Es ist auch leicht zu verstehen, daß der Protest des Erstgeborenen gegen seine Entthronung sich recht häufig in einer Neigung kundgibt, die irgendwie gegebene Macht als berechtigt anzuerkennen oder ihr an der Seite zu stehen. Diese Neigung gibt dem Erstgeborenen gelegentlich einen deutlich »konservativen Charakter«, der sich nicht etwa politisch, sondern sachlich geltend macht. Ein sprechendes Beispiel dafür habe ich in der Biographie Theodor Fontanes gefunden. Wer nicht Haare spalten will, wird auch in Robespierres Persönlichkeit den autoritären Zug trotz seiner hervorragenden Anteilnahme an der Revolution nicht verkennen.

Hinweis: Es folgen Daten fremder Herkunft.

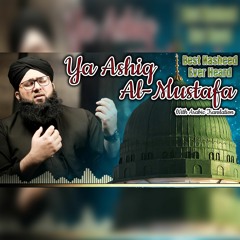 ARABIC NASHEED - Ya Ashiqol Mustafa (Zeeshan Attari Qadri) | R&R by Al noor Creations | SHOLAWAT UHD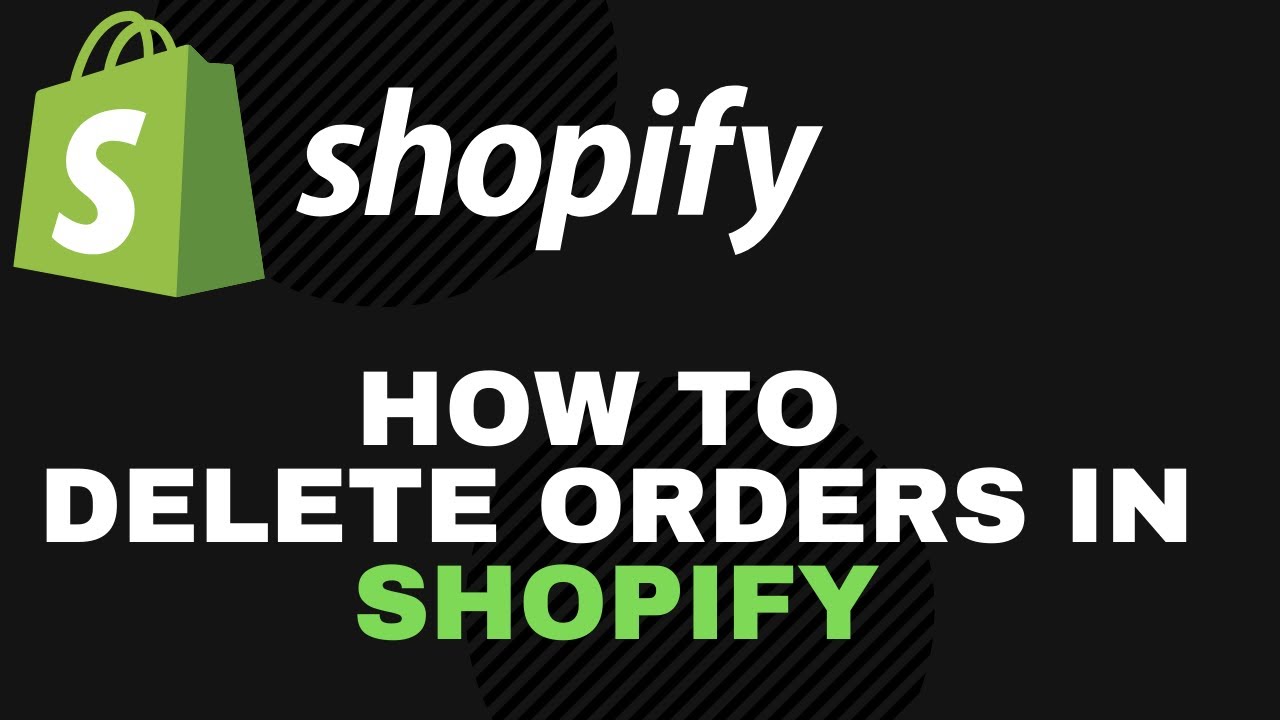 Shopify How To Delete Orders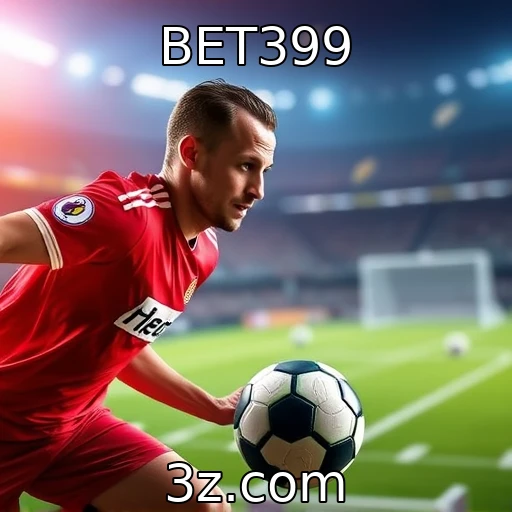 BET399 Apostas esportivas: como analisar partidas e aumentar suas chances de ganhar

Man soll aber angesichts der regelfeindlichen Haltung der Individualpsychologie nicht übersehen, daß nicht die Nummer, sondern die Situation ausschlaggebend ist, so daß auch später in der Kinderreihe das seelische Porträt eines Erstgeborenen auftauchen kann, wenn ein solches Kind etwa mehr auf ein nachfolgendes Kind angewiesen ist und reagiert. Auch der Umstand darf nicht übersehen werden, daß gelegentlich ein Zweitgeborener in die Rolle des ersten eintritt, wie zum Beispiel, wenn der Erstgeborene als schwachsinniges Kind nicht recht für unseren Fall in Betracht kommt. Ein gutes Beispiel dafür findet man in der Persönlichkeit Paul Heyses, der sich fast väterlich zu seinem älteren Bruder bezog und in der Schule sich als rechte Hand des Lehrers aufspielte. Man wird aber in jedem Falle einen Forschungsweg bereitgestellt finden, wenn man nach den speziellen Lebensformen eines Erstgeborenen Umschau hält und nicht vergißt, wie der zweite ihn im Rücken bedrängt. Daß er da gelegentlich den Ausweg findet, den zweiten väterlich oder mütterlich zu behandeln, ist nur eine Variante seines Strebens nach der Oberhand.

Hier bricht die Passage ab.